Okonomiyaki

Ok, I hereby officially declare this blog a food and temple blog. Now that this is out of the way, here’s the latest culinary discovery: Okonomiyaki.

I had already seen them being prepared at the late night hanami in Osaka, but they were all made with meat – I asked.

It turns out, they are the local specialty in Hiroshima. Made on every corner. So I just hoped someone could leave out the meat.

Indeed, no problem, they make them fresh, and in a number of varieties: topped with cheese, or an omelette with shrimp, with meat or without… It makes sense: okonomi means ‘taste’ or ‘as you like’; yaki means freed or grilled.

The local variant of Hiroshima is a layered dish (Osaka mixes the ingredients…), I watched intensely as they prepared it in front of me on the teppan, the hot iron plate that serves as cooking area.

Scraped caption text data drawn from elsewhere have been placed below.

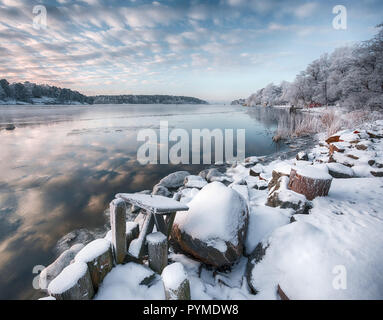 Landschaft Szene Winter von Küste und Meer mit Schnee bedeckt Bäume und Boden Stockfoto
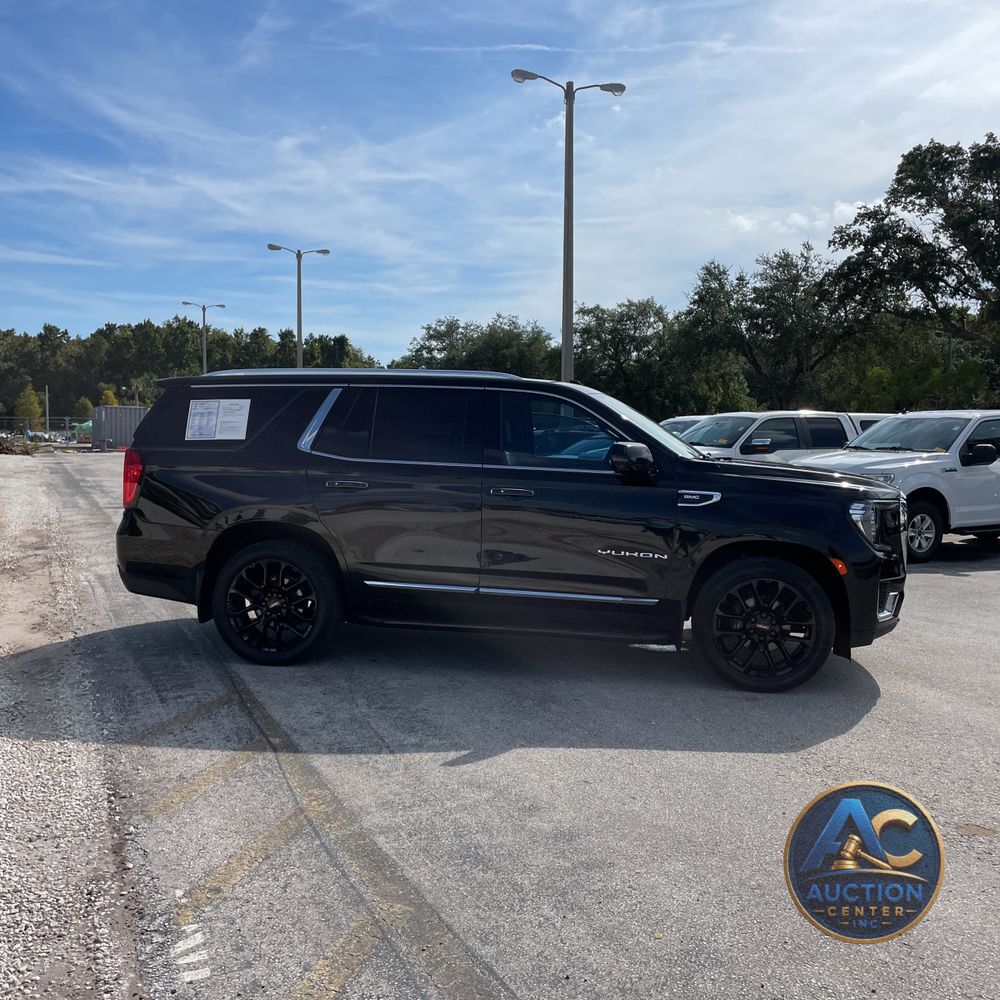2022 GMC Yukon SLT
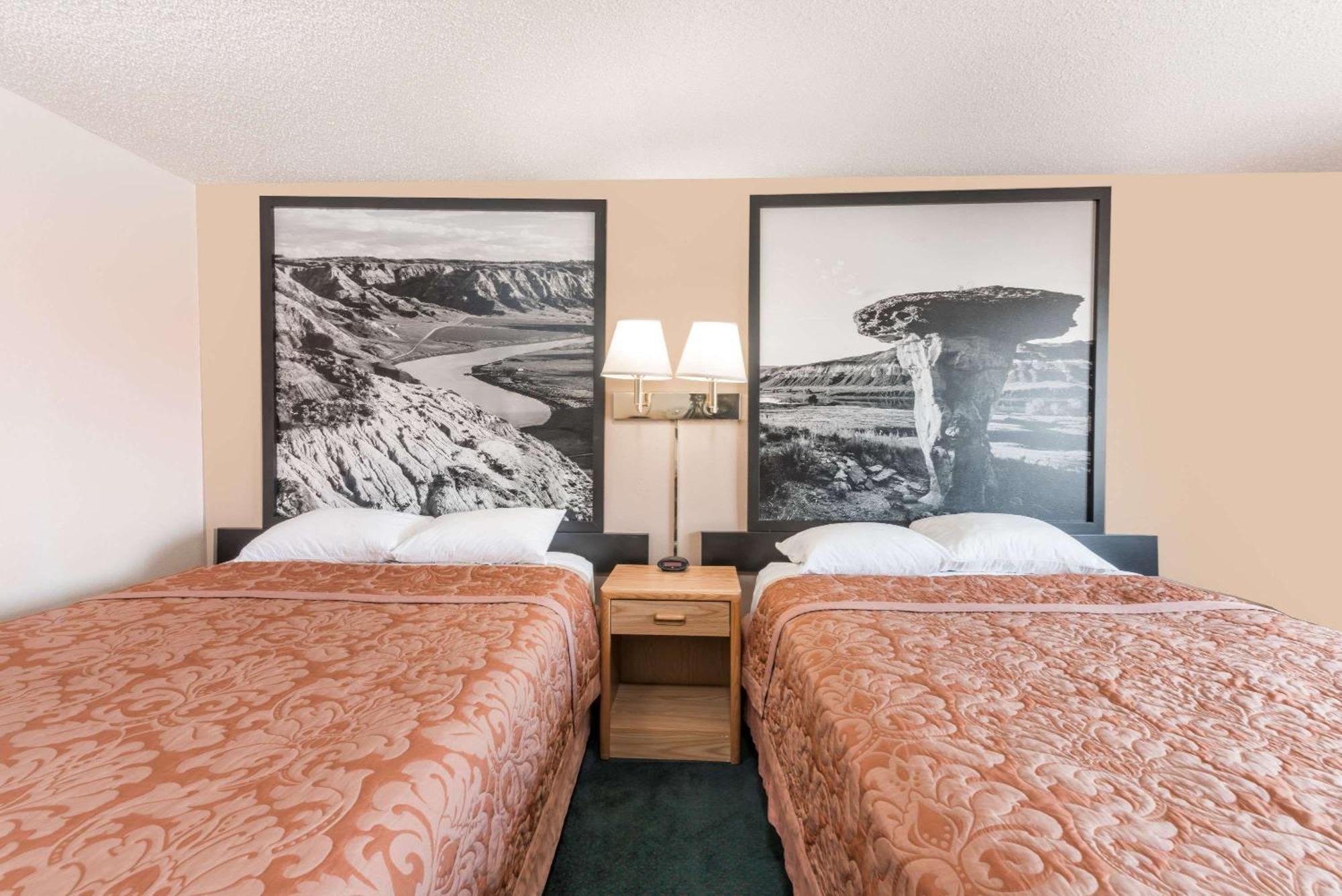 Super 8 By Wyndham Glendive Hotel Exterior foto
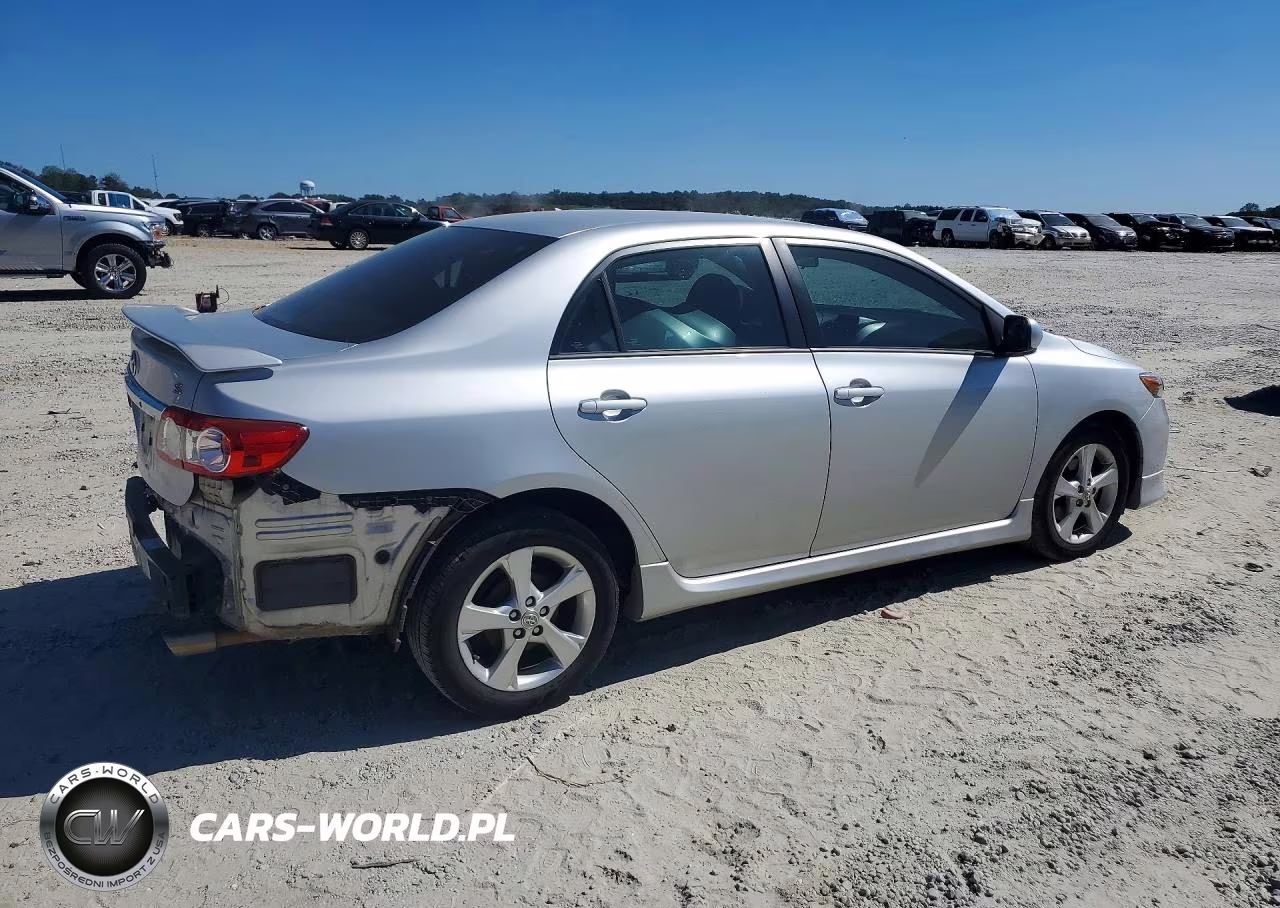 2013 Toyota Corolla S VIN:5YFBU4EE4DP148592 - 3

The base is a little thin crepe, on top of which comes a heap of shredded cabbage, the spices, meat, squid, octopus or shrimps.

Meanwhile they fry some soba noodles on the side, then the crepe and the cabbage come on top of that…. then they prepare an egg on the teppan and turn the whole thing over again onto the egg, and fry it some more… Got it?

They keep tossing and turning it and when it’s ready, the whole cake gets one final layer of Okonomiyaki sauce and is chopped up in handy pieces…

I had three different ones in two days, a standard one, a spicy noodle one and the last one made with udon instead of soba noodles.
All were super yummy, and a welcome change to the daily ramen I had in the last 20 days.